Keep the wording of every entry exactly as it is while leaving the pictures out of your copy.

(Records from a data collection)

╭──

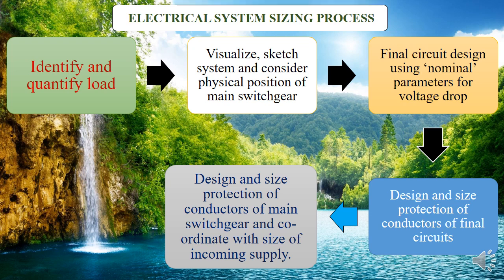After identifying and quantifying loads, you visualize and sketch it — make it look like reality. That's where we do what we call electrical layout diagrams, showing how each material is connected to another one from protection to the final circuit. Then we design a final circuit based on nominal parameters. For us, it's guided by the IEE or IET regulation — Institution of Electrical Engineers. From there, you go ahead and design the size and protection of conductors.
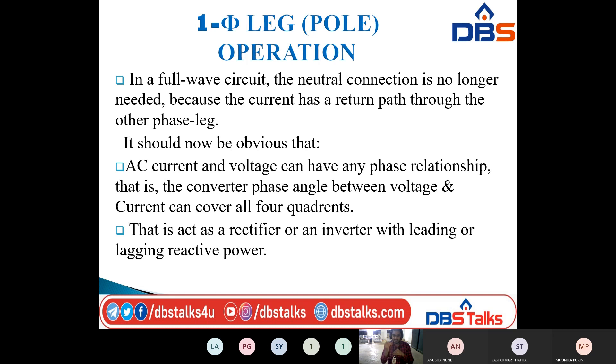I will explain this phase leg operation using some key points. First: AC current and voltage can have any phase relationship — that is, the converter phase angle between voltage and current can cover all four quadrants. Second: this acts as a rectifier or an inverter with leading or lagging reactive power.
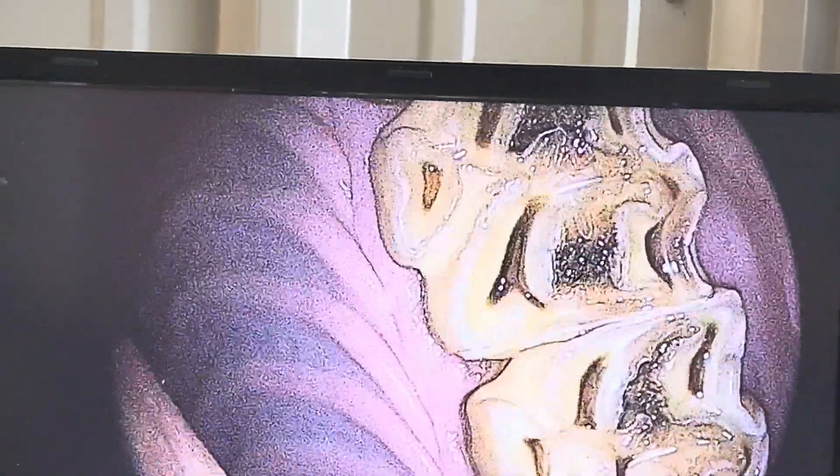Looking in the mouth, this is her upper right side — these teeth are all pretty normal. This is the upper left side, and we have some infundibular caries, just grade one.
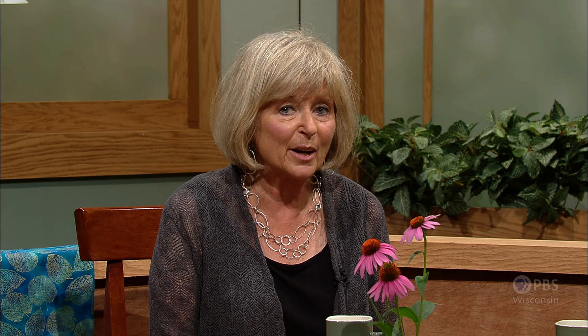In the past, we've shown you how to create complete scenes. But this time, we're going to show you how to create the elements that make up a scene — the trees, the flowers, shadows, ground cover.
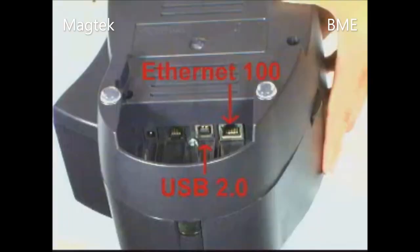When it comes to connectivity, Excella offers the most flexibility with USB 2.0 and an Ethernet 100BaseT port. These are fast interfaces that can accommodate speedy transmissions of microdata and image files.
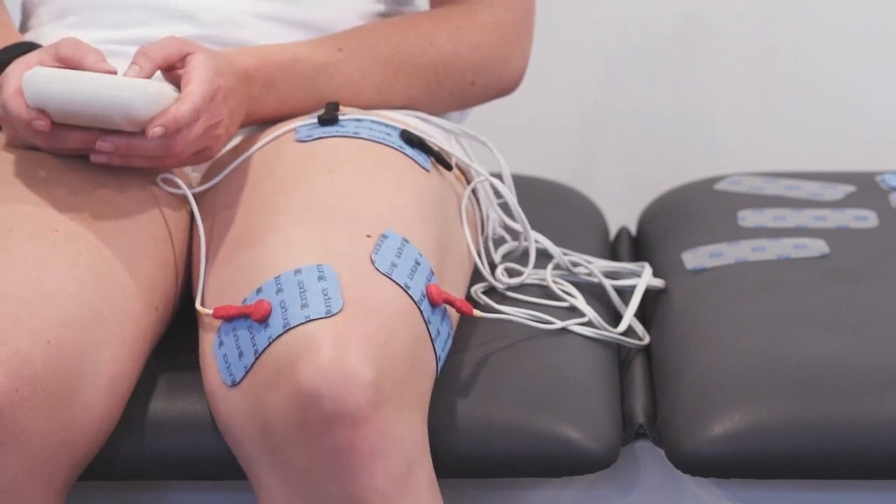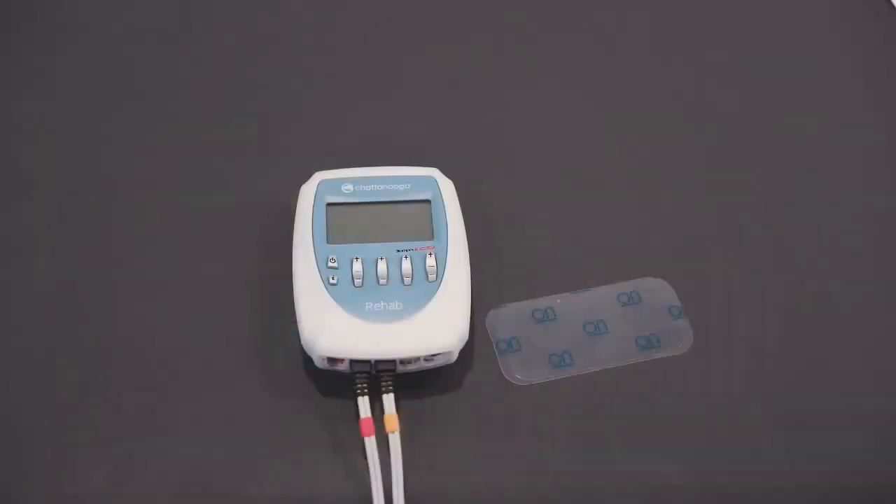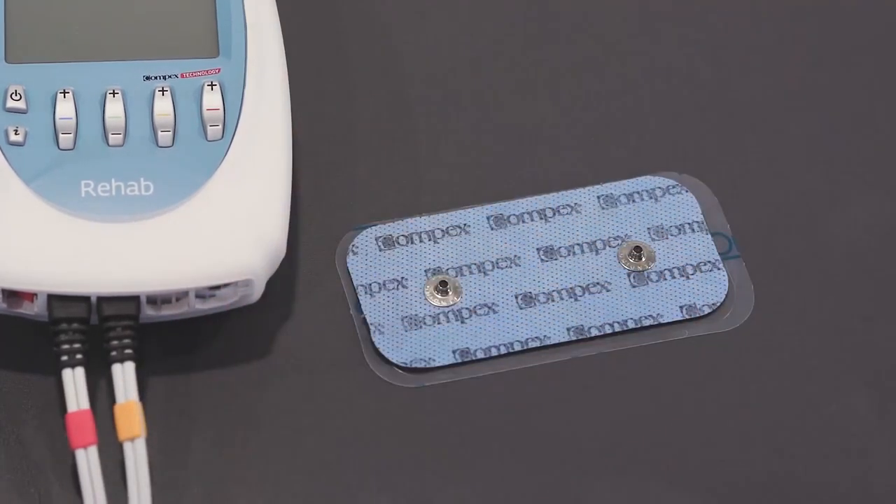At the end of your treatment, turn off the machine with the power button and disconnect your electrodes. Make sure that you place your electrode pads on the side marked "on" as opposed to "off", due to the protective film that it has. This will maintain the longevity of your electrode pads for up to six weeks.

╰──

→ **Written reply**:
After identifying and quantifying loads, you visualize and sketch it — make it look like reality. That's where we do what we call electrical layout diagrams, showing how each material is connected to another one from protection to the final circuit. Then we design a final circuit based on nominal parameters. For us, it's guided by the IEE or IET regulation — Institution of Electrical Engineers. From there, you go ahead and design the size and protection of conductors.
I will explain this phase leg operation using some key points. First: AC current and voltage can have any phase relationship — that is, the converter phase angle between voltage and current can cover all four quadrants. Second: this acts as a rectifier or an inverter with leading or lagging reactive power.
Looking in the mouth, this is her upper right side — these teeth are all pretty normal. This is the upper left side, and we have some infundibular caries, just grade one.
In the past, we've shown you how to create complete scenes. But this time, we're going to show you how to create the elements that make up a scene — the trees, the flowers, shadows, ground cover.
When it comes to connectivity, Excella offers the most flexibility with USB 2.0 and an Ethernet 100BaseT port. These are fast interfaces that can accommodate speedy transmissions of microdata and image files.
At the end of your treatment, turn off the machine with the power button and disconnect your electrodes. Make sure that you place your electrode pads on the side marked "on" as opposed to "off", due to the protective film that it has. This will maintain the longevity of your electrode pads for up to six weeks.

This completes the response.